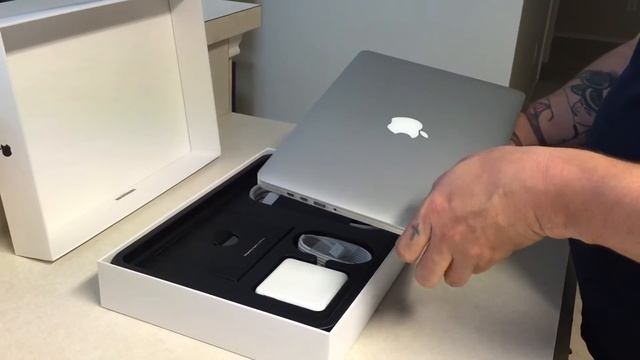 Unboxing of my new Apple 13" MacBook Pro with Retina display смотреть онлайн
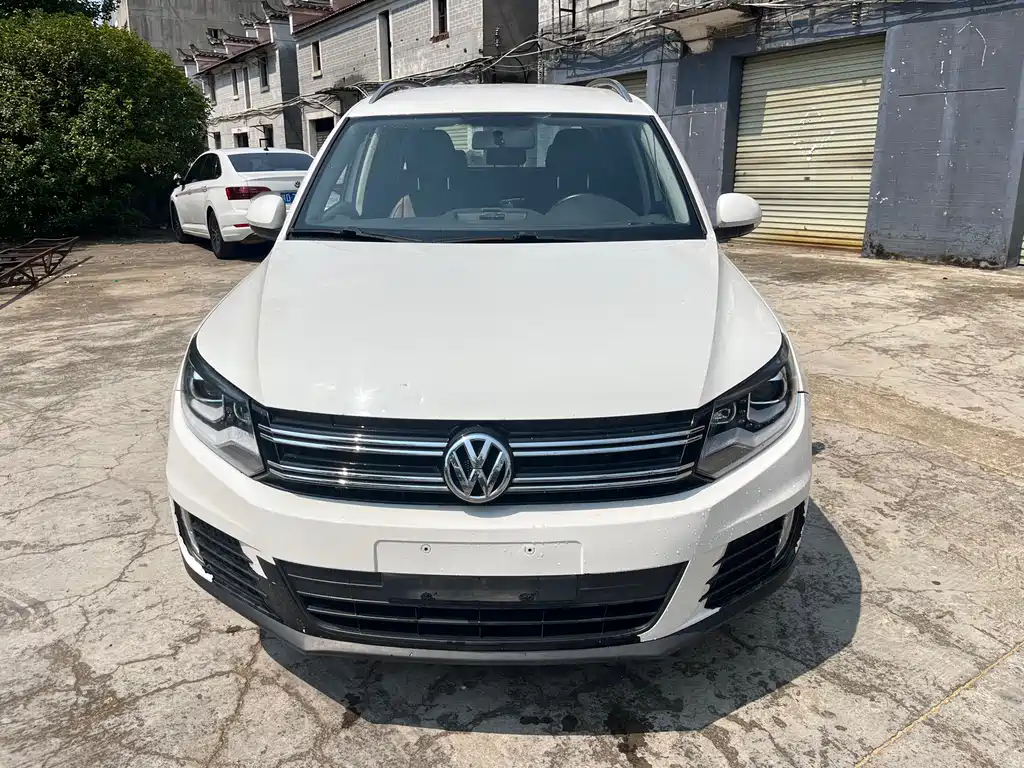 Volkswagen Tiguan — миниатюра 2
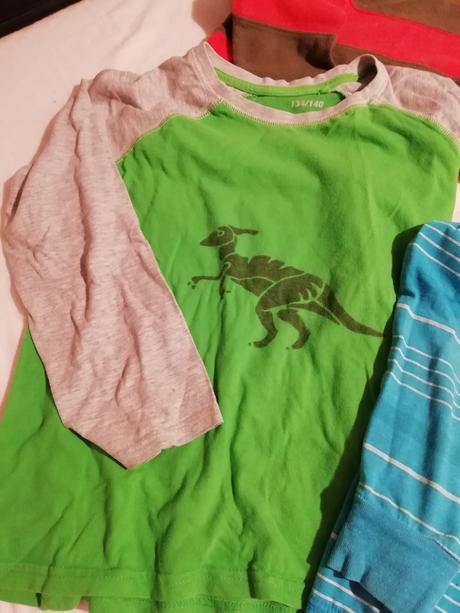 Balík oblečenia - 4 ks, 122–134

What is being asked:
Except for the pictures, copy the material above exactly.

Result for this task:
 Unboxing of my new Apple 13" MacBook Pro with Retina display смотреть онлайн
 Volkswagen Tiguan — миниатюра 2
 Balík oblečenia - 4 ks, 122–134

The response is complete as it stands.